Goal of the exercise:
Starting at the line holding "Miwayer Sax Neck" and finishing at the line holding "1N6AD09U68C411120 - 2008", transcribe the material exactly, keeping both ends but no pictures.

Records for processing:
......
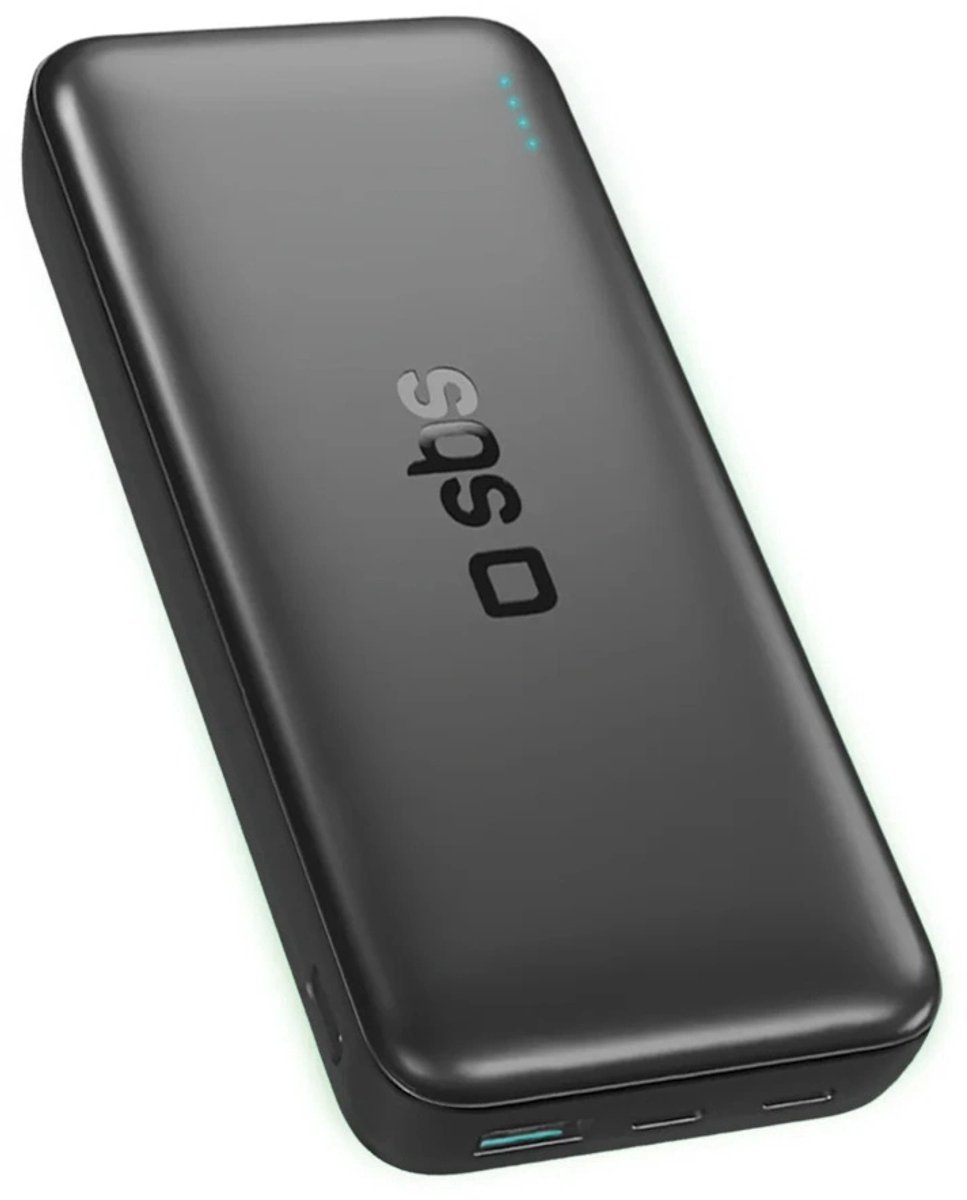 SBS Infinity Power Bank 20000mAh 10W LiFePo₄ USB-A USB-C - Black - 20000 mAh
......
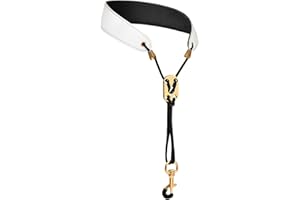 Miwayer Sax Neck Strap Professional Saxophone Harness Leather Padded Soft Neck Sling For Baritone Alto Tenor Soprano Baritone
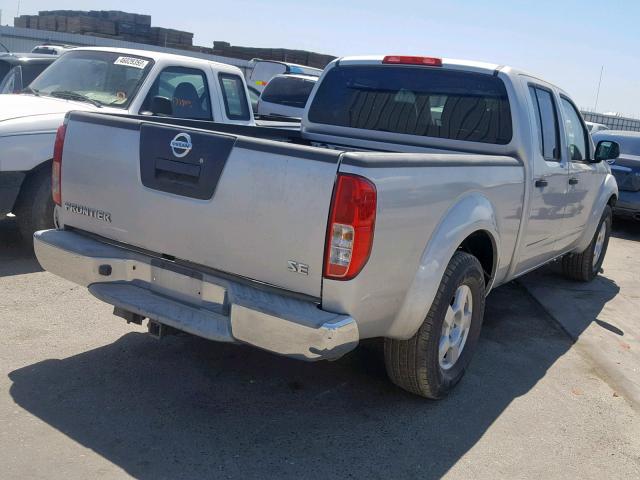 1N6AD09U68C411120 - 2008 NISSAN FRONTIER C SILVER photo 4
......
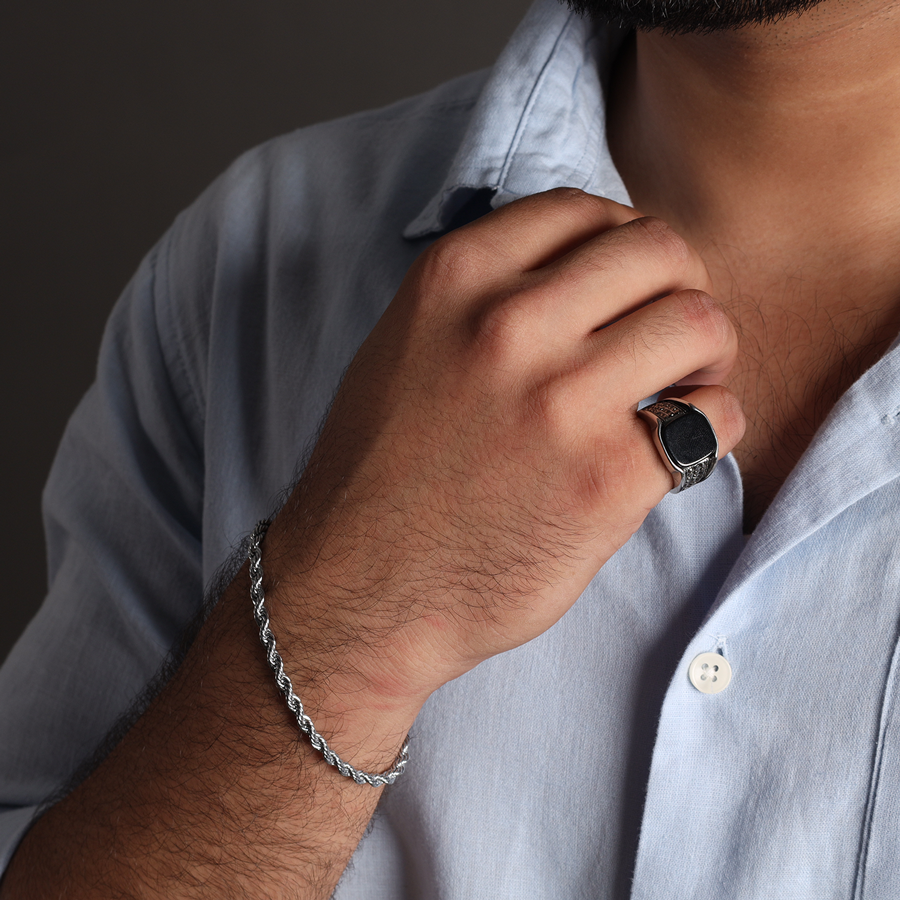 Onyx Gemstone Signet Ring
......
Written answer:
 Miwayer Sax Neck Strap Professional Saxophone Harness Leather Padded Soft Neck Sling For Baritone Alto Tenor Soprano Baritone
 1N6AD09U68C411120 - 2008 NISSAN FRONTIER C SILVER photo 4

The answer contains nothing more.